Given that English is the lingua franca of programming code, and given that Julia is written in English, such code would be restricted to those who understand Greek and would probably be a pain for them to read, based on anecdotes I’ve seen from non-native English speakers. You’d still have to use Latin characters for keywords and defined functions anyway. Nor would any non-Greek speakers want to interact with such code.

Just because you can use Greek or Cyrillic or Chinese characters in the code doesn’t mean you should.

However, a native Greek speaker could find utility in being able to write comments and documentation in Greek for his team who all speak Greek. It is here where one can reasonably afford to write in natural language. Still, I think it is more of a “nice thing to have” than something whose absence would significantly impair productivity or comprehension. The syntax, resources, learning materials, etc. for most programming languages out there are overwhelmingly in English. To be a competent programmer, you’re almost certainly going to have to know some English.

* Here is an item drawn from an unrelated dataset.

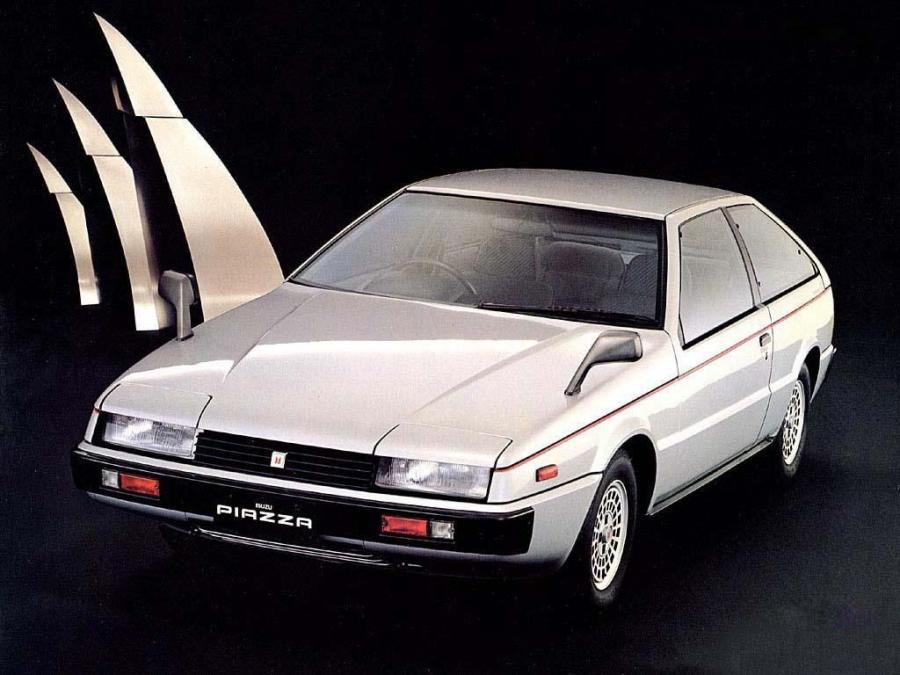 Isuzu Piazza Turbo 1985 года  (фото 2 из 4)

So, it depends on what the alpha is used for, but I doubt this hypothetical Greek programmer would be seriously deprived from having to write alpha instead of α because he would most likely in all ignorance of Julia use a Latin keyboard by default when getting started with the language, as he would if learning any other commonly used language out there.

It is generally accepted that logographic languages are more difficult to learn for Western speakers. Not just Westerners, really – anyone who is not familiar with the character set. There are of course other factors here, but the writing system is certainly playing a role. I know Mandarin, so I can attest to its learning process. Pronunciation-agnosticism is just one of the many difficulties – if you forget how to write a character, you cannot use its pronunciation as a hint to write it. You have to use a dictionary every single time. It’s true that English and French have some unreliable spelling rules, but at least you have an idea of what it looks like. Maybe -ough is tough to remember, but you can still write something on the paper. With Chinese, you don’t even know where to start. You cannot learn Chinese characters without rote memorization no matter if you’re a child or an adult. (Adults will struggle with other things more, like tones.)

Chinese schoolchildren are forced to learn Mandarin in school, so it’s not a surprise that literacy rates are high in China and Taiwan. The literacy rate doesn’t say much about the difficulty of the language, but rather points to other socioeconomic factors.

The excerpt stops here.